• [EXERCISE PROMPT]:
Exclude images and print all the records verbatim.

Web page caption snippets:
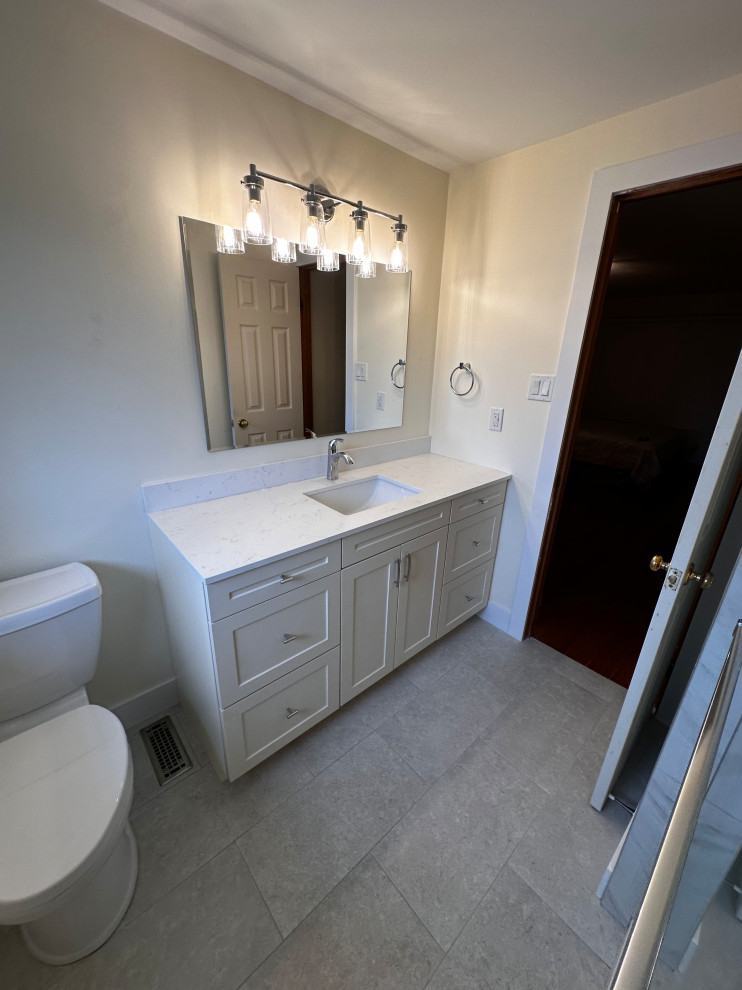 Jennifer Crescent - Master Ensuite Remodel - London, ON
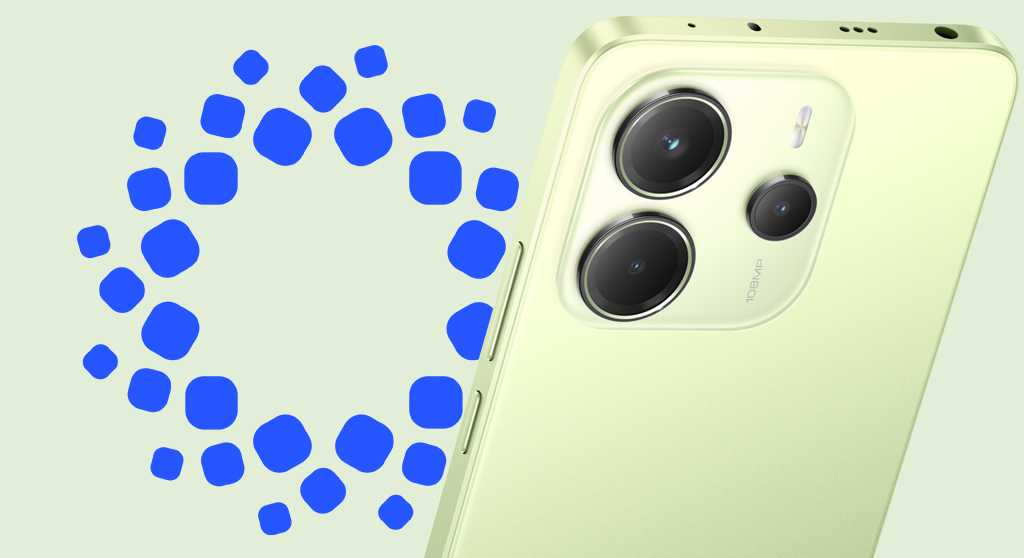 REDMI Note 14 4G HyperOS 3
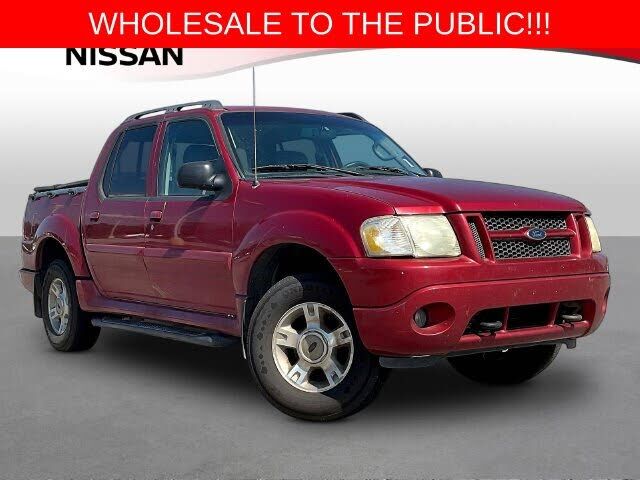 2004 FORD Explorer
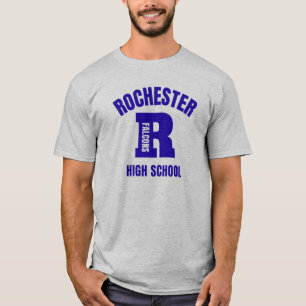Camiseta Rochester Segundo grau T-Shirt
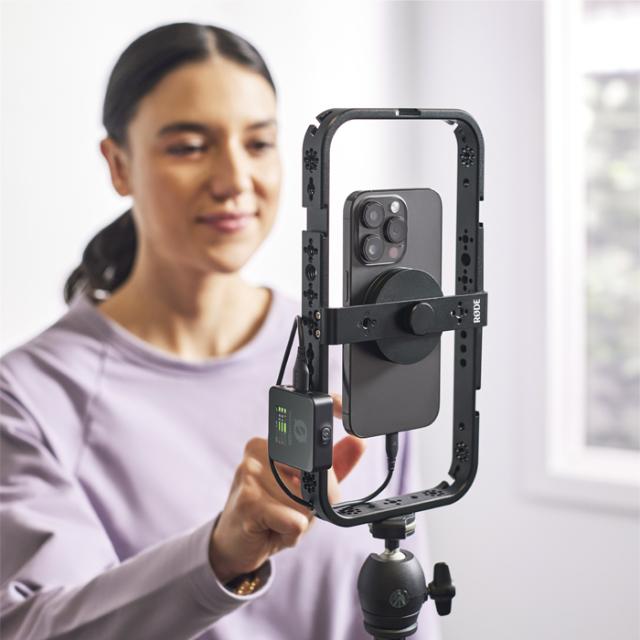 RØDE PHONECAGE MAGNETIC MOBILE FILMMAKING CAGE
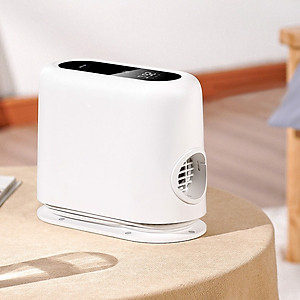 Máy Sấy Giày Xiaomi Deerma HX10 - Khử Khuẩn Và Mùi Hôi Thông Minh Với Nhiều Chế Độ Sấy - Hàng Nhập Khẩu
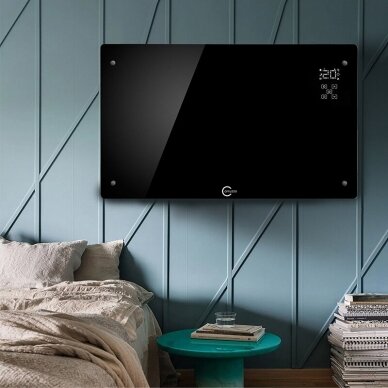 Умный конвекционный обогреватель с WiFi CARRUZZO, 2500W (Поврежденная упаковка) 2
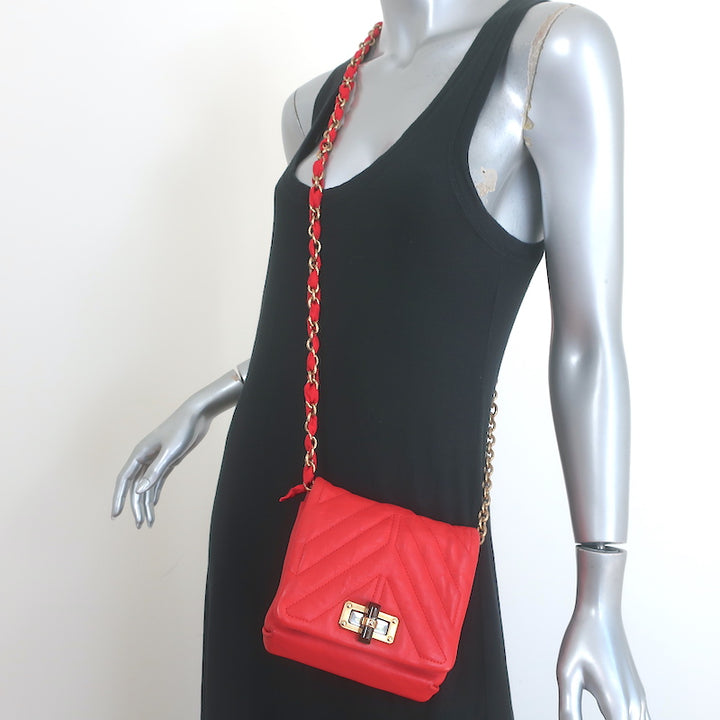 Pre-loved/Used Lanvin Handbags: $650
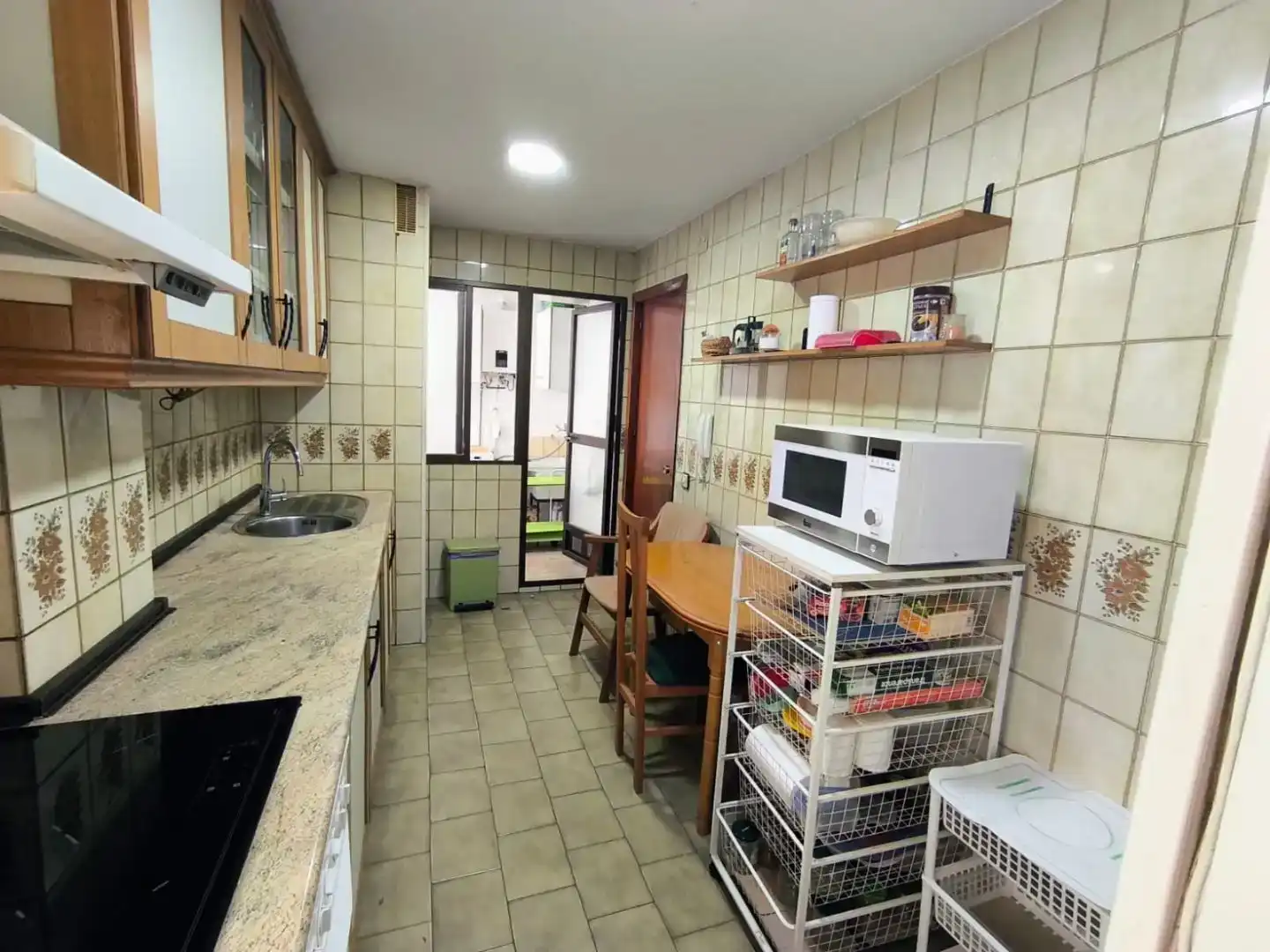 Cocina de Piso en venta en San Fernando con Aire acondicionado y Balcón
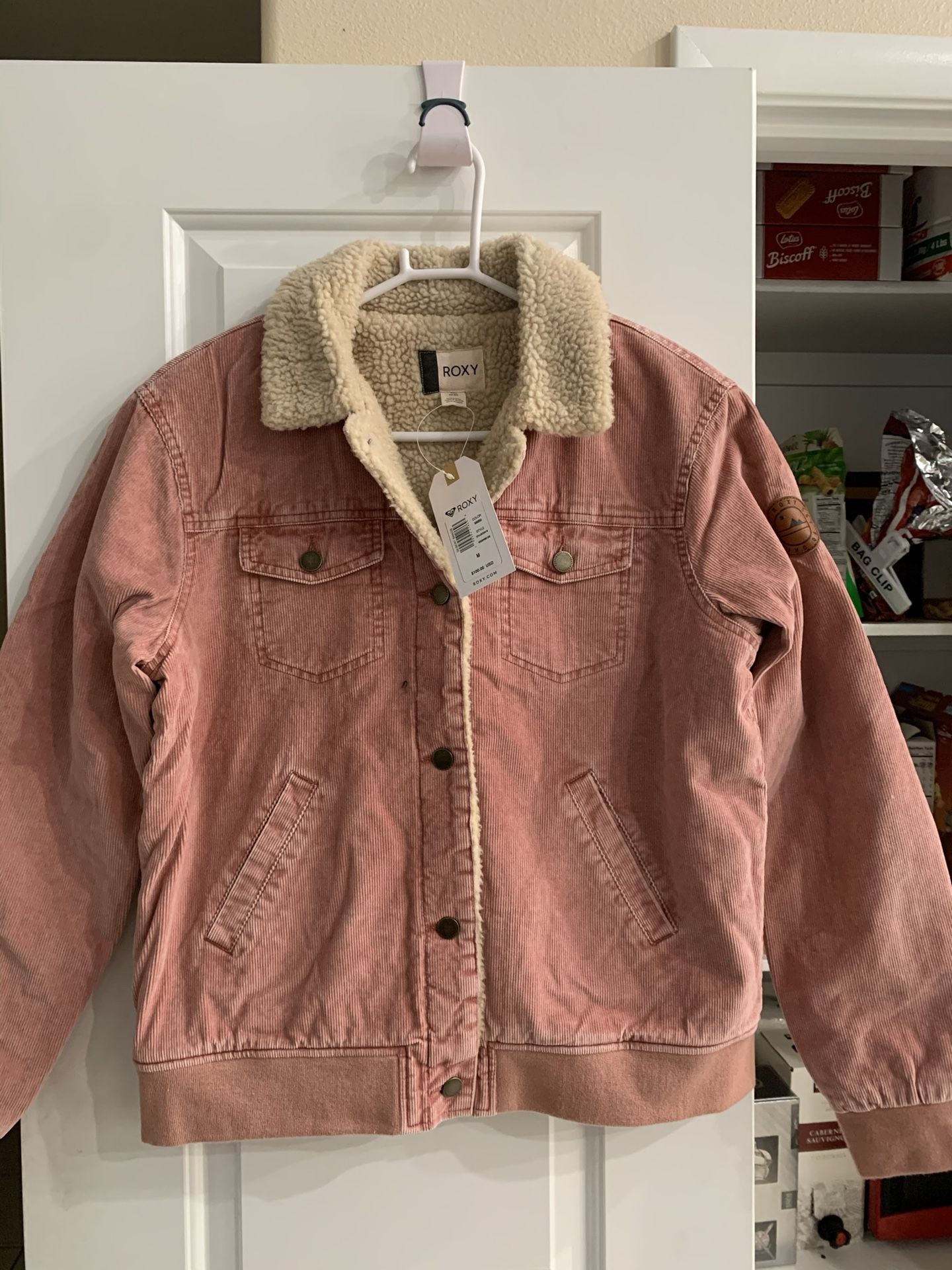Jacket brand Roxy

• [FINAL ANSWER]:
 Jennifer Crescent - Master Ensuite Remodel - London, ON
 REDMI Note 14 4G HyperOS 3
 2004 FORD Explorer
Camiseta Rochester Segundo grau T-Shirt
 RØDE PHONECAGE MAGNETIC MOBILE FILMMAKING CAGE
 Máy Sấy Giày Xiaomi Deerma HX10 - Khử Khuẩn Và Mùi Hôi Thông Minh Với Nhiều Chế Độ Sấy - Hàng Nhập Khẩu
 Умный конвекционный обогреватель с WiFi CARRUZZO, 2500W (Поврежденная упаковка) 2
 Pre-loved/Used Lanvin Handbags: $650
 Cocina de Piso en venta en San Fernando con Aire acondicionado y Balcón
Jacket brand Roxy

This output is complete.